- Theatrical release poster
- Directed by: Gireesh Mano
- Screenplay by: Neeraj Madhav
- Produced by: Jaison Elamgulam
- Starring: Biju Menon; Neeraj Madhav; Aju Varghese;
- Cinematography: Prakash Velayudhan
- Edited by: Johnkutty
- Music by: Gopi Sundar
- Production company: RJ Creations
- Distributed by: RJ Creations; Kalasangham Films;
- Release date: 19 October 2017;
- Country: India
- Language: Malayalam

= Lavakusha =

Lavakusha (stylized as LavaKusha) is a 2017 Indian Malayalam-language comedy buddy cop film directed by Gireesh Mano and written by Neeraj Madhav.
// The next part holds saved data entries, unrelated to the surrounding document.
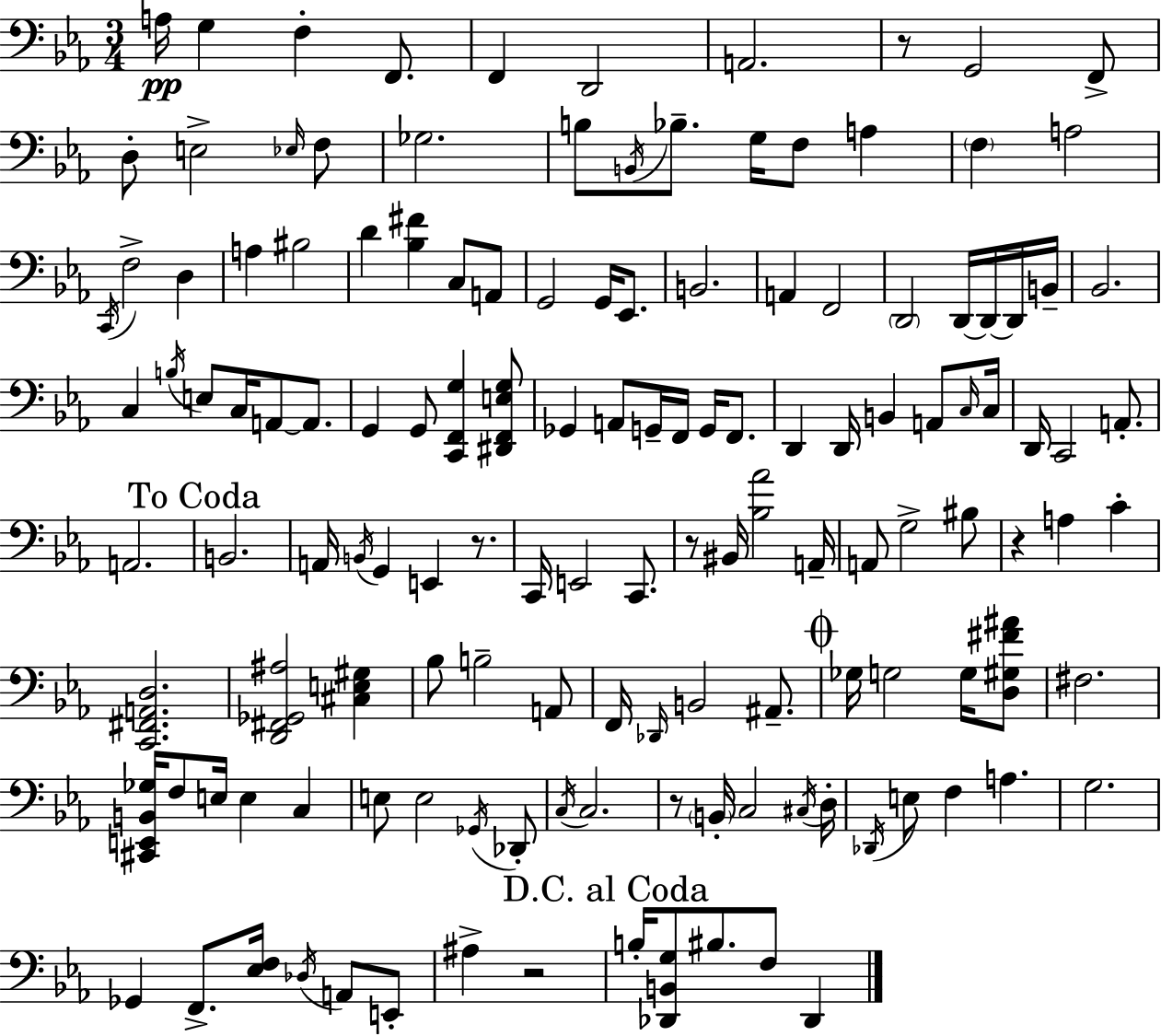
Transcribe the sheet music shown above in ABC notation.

X:1
T:Untitled
M:3/4
L:1/4
K:Eb
A,/4 G, F, F,,/2 F,, D,,2 A,,2 z/2 G,,2 F,,/2 D,/2 E,2 _E,/4 F,/2 _G,2 B,/2 B,,/4 _B,/2 G,/4 F,/2 A, F, A,2 C,,/4 F,2 D, A, ^B,2 D [_B,^F] C,/2 A,,/2 G,,2 G,,/4 _E,,/2 B,,2 A,, F,,2 D,,2 D,,/4 D,,/4 D,,/4 B,,/4 _B,,2 C, B,/4 E,/2 C,/4 A,,/2 A,,/2 G,, G,,/2 [C,,F,,G,] [^D,,F,,E,G,]/2 _G,, A,,/2 G,,/4 F,,/4 G,,/4 F,,/2 D,, D,,/4 B,, A,,/2 C,/4 C,/4 D,,/4 C,,2 A,,/2 A,,2 B,,2 A,,/4 B,,/4 G,, E,, z/2 C,,/4 E,,2 C,,/2 z/2 ^B,,/4 [_B,_A]2 A,,/4 A,,/2 G,2 ^B,/2 z A, C [C,,^F,,A,,D,]2 [D,,^F,,_G,,^A,]2 [^C,E,^G,] _B,/2 B,2 A,,/2 F,,/4 _D,,/4 B,,2 ^A,,/2 _G,/4 G,2 G,/4 [D,^G,^F^A]/2 ^F,2 [^C,,E,,B,,_G,]/4 F,/2 E,/4 E, C, E,/2 E,2 _G,,/4 _D,,/2 C,/4 C,2 z/2 B,,/4 C,2 ^C,/4 D,/4 _D,,/4 E,/2 F, A, G,2 _G,, F,,/2 [_E,F,]/4 _D,/4 A,,/2 E,,/2 ^A, z2 B,/4 [_D,,B,,G,]/2 ^B,/2 F,/2 _D,,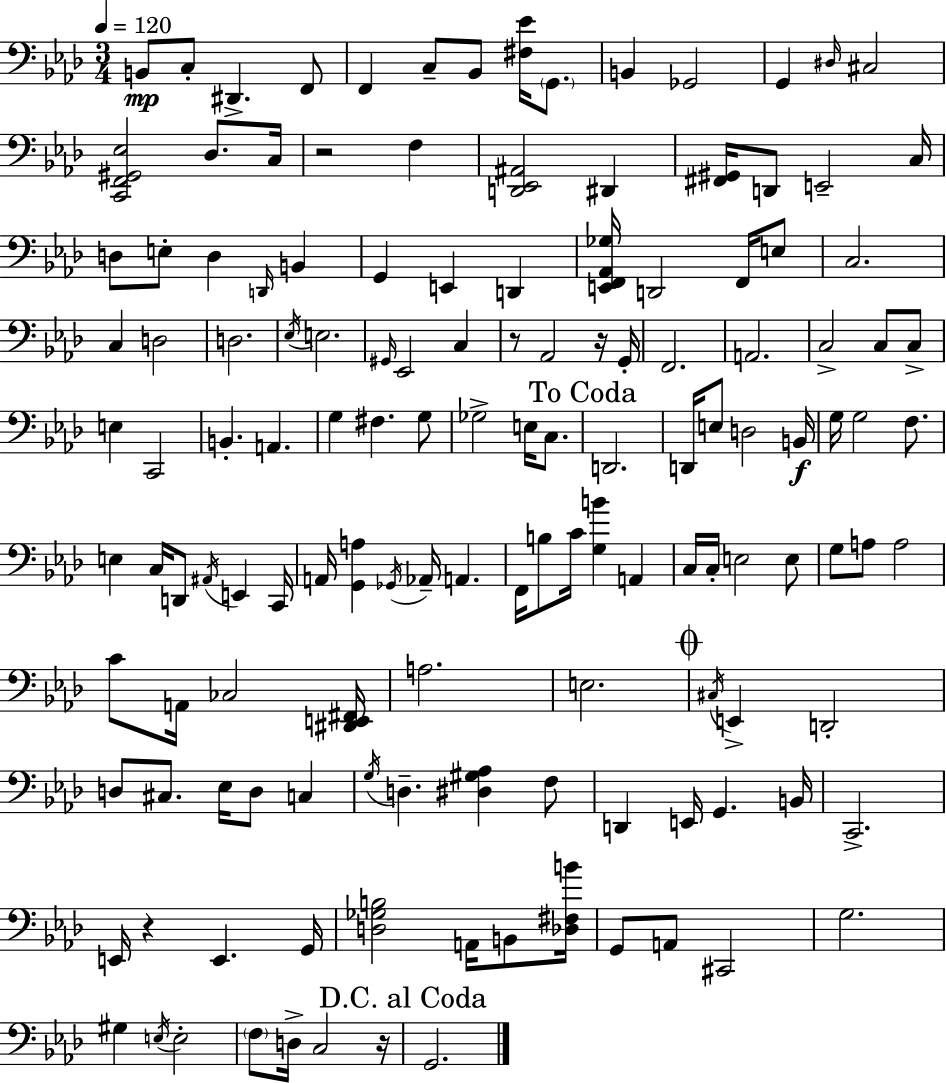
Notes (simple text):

B2/e C3/e D#2/q. F2/e F2/q C3/e Bb2/e [F#3,Eb4]/s G2/e. B2/q Gb2/h G2/q D#3/s C#3/h [C2,F2,G#2,Eb3]/h Db3/e. C3/s R/h F3/q [D2,Eb2,A#2]/h D#2/q [F#2,G#2]/s D2/e E2/h C3/s D3/e E3/e D3/q D2/s B2/q G2/q E2/q D2/q [E2,F2,Ab2,Gb3]/s D2/h F2/s E3/e C3/h. C3/q D3/h D3/h. Eb3/s E3/h. G#2/s Eb2/h C3/q R/e Ab2/h R/s G2/s F2/h. A2/h. C3/h C3/e C3/e E3/q C2/h B2/q. A2/q. G3/q F#3/q. G3/e Gb3/h E3/s C3/e. D2/h. D2/s E3/e D3/h B2/s G3/s G3/h F3/e. E3/q C3/s D2/e A#2/s E2/q C2/s A2/s [G2,A3]/q Gb2/s Ab2/s A2/q. F2/s B3/e C4/s [G3,B4]/q A2/q C3/s C3/s E3/h E3/e G3/e A3/e A3/h C4/e A2/s CES3/h [D#2,E2,F#2]/s A3/h. E3/h. C#3/s E2/q D2/h D3/e C#3/e. Eb3/s D3/e C3/q G3/s D3/q. [D#3,G#3,Ab3]/q F3/e D2/q E2/s G2/q. B2/s C2/h. E2/s R/q E2/q. G2/s [D3,Gb3,B3]/h A2/s B2/e [Db3,F#3,B4]/s G2/e A2/e C#2/h G3/h. G#3/q E3/s E3/h F3/e D3/s C3/h R/s G2/h.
The film stars Biju Menon, Neeraj Madhav and Aju Varghese. The songs were composed by Gopi Sundar. The film was released in India on 19 October 2017 coinciding with Diwali. The film was a commercial success, and the makers have announced plans for a sequel.

==Summary==
The story revolves around two happy-go-lucky undercover officers and friends, Lavan and Kushan. Things take a turn when they are approached by a mysterious guy and girl, who influence their lives in various ways.

==Cast==

- Biju Menon as DYSP Joy Kappan/JK IPS, CBCID
- Neeraj Madhav as Lavan
- Aju Varghese as Kushan
- Deepti Sati as ASP Jennifer George IPS, CBCID / Sheetal
- Aditi Ravi as Minnah
- Vijay Babu as Cylex Abraham / Banglan
- Ashwin Kkumar as David Luke
- Major Ravi as Crime Branch SP venkat praphu IPS
- Nirmal Palazhi as Sumesh
- Anjali Nair as Vanaja Sumesh
- Thesni Khan as Sarita
- Vishnu Govindan as Freddy. David's henchman
- Gokulan as Shambu
- Akshara Kishore as Angel
- Janardhanan as Sathyan, film producer
- Sinoj Varghese as Muthu
- Neena Kurup as Nancy
- Raja Sahib as Nancy's husband
- Nandini Sree as Shalini
- Kalabhavan Haneef as T.T.R
- Madan Mohan as DYSP Ajay Gosh IPS, CBCID

==Production==
Lavakusha is the screenwriter debut of actor Neeraj Madhav, who also starred in the lead role alongside Aju Varghese and Biju Menon.

===Soundtrack===
The film's soundtrack was composed by Gopi Sundar and contains two songs. The soundtrack album was released by RJ Creations label on 29 September 2017.
1. "Ayyapante Amma" (Neeraj Madhav, Aju Varghese) - 3:18
2. "LavaKusha Theme" Rzee - 3:28
3. "Ente Kayyil Onnumilla" (Atul P. M.) - 4:12

==Release==
The film opened in theaters in India on 12 October 2017.